В конце царствования Генриха II, по сравнению с началом века, постепенно очень многие потеряли две трети своей покупательной способности: особенно это коснулось тех, кто имел земельные ренты, с незапамятных времен установленные в неизменном количестве ливров, су и денье. Больше всех пострадало сельское дворянство, в то время как производители, торговцы, а особенно финансисты богатели. Деловой капитализм – крупные банки итальянских и германских менял – процветал, а государство все больше и больше влезало в долги. Оно брало взаймы не только у банкиров, но также и у собственных подданных – еще с того времени, когда в 1552 году Парижская ратуша установила первые ренты с очень выгодными процентными ставками и условиями, приносившими 8,33% дохода («за денье 12»).

Выплатить свои долги король мог только путем увеличения налогов или экономии. Гизы решили остановиться на последнем, выяснив, что общественная задолженность достигла 40 миллионов ливров, из которых 20 необходимо выплатить немедленно. От повышения налогов рассчитывали получить 12 миллионов. Но царившие в стране анархия и казнокрадство практически не давали возможности их учесть. Некоторым образом удалось сэкономить, частично распустив армию, но вместе с этим увеличилось количество неплатежеспособного населения. В своей реляции 1561 года посол Венеции сообщает о значительном обнищании королевства. Недовольные и неимущие пополнили собой ряды протестантов, особенно среди неугомонного дворянства юго-запада. «Эти преданные на один день люди, [113] тирании Лотарингцев предпочитающие «заблуждения папы», втягивали наименее убежденных протестантов в жестокость и бунт».

Так, очень своевременно оказались готовы войска и поле боя.
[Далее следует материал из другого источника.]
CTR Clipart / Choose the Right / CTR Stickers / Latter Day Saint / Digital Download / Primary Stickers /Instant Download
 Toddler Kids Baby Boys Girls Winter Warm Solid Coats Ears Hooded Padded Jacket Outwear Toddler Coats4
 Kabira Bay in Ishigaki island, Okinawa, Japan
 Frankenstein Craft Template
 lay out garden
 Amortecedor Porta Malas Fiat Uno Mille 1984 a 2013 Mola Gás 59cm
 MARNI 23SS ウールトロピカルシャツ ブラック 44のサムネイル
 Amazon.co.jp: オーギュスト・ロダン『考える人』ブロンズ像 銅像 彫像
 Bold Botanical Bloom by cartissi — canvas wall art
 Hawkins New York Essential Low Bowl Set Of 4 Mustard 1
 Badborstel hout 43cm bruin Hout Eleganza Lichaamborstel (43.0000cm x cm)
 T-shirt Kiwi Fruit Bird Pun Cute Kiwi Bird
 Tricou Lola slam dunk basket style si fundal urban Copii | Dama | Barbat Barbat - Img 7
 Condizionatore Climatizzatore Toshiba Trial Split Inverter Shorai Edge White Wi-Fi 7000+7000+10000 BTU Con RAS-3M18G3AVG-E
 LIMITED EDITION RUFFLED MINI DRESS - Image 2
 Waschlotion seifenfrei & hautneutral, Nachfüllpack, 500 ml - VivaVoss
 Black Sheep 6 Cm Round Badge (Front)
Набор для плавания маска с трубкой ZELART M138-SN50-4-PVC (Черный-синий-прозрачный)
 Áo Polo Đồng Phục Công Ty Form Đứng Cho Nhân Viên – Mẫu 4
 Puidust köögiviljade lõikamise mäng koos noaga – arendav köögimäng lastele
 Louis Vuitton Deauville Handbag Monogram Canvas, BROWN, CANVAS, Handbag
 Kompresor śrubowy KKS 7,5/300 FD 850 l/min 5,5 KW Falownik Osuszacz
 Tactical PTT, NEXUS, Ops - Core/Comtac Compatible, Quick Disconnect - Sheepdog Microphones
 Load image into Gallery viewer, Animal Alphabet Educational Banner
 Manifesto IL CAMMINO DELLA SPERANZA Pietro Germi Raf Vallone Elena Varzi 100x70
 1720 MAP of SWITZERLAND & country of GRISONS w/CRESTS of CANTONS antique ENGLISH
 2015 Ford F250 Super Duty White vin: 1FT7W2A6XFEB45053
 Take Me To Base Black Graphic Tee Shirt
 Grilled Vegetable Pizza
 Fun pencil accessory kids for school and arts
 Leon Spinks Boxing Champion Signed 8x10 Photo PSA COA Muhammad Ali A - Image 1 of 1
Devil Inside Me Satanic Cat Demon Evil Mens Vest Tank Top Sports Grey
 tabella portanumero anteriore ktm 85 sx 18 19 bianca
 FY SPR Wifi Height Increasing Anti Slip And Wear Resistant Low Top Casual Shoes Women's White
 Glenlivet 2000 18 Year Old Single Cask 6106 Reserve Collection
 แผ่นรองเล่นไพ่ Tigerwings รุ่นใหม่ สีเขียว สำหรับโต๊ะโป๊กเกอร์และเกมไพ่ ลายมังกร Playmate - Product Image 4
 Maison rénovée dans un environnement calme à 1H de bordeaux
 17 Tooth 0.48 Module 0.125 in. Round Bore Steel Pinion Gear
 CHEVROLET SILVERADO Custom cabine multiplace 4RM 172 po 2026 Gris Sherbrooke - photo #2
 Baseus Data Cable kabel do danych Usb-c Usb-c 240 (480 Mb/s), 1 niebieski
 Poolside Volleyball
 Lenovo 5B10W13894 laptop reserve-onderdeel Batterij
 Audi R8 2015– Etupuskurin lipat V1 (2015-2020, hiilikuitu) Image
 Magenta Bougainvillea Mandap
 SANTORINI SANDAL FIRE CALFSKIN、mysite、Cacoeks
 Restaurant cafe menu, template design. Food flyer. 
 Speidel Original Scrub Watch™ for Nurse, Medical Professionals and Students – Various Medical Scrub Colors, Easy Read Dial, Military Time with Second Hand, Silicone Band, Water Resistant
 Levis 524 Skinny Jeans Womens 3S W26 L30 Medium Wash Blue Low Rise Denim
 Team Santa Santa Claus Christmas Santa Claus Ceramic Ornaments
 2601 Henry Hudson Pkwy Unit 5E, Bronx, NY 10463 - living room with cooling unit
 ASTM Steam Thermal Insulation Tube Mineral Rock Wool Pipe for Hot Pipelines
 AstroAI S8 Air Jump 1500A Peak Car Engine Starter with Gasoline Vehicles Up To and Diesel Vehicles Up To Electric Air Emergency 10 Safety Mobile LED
В августе, на собрании в Вандоме у Антуана де Бурбона, появился и предводитель: это был Луи, принц де Конде, младший в семье, без особого состояния, хвастун и весельчак, человек храбрый и великодушный, но совершенно непостоянный в частной и общественной жизни. Он обратился в новую религию недавно, летом 1558 года, и его дом в Париже, в Нуайе и в Ла Фер стал, под влиянием его добродетельной супруги Элеоноры де Руа, центром объединения, святилищем и убежищем для новых протестантов.

Историк Ренье де Ла Планш рассказал, как принц Конде, желая узаконить готовящийся против Гизов заговор, приказал разыскать все обвинения, которые можно было бы выдвинуть против них, и действительно, «через свидетельства знатных и уважаемых людей выяснилось, что они совершили многочисленные преступления оскорбления величества, бесчисленные грабежи, мелкие кражи и брали взятки». Исходя из этого, совет принца Конде рассудил, что король был слишком молод, чтобы наказать за такие предосудительные действия, и обсудил возможность схватить самих Гизов, чтобы подвергнуть их суду Генеральных штатов.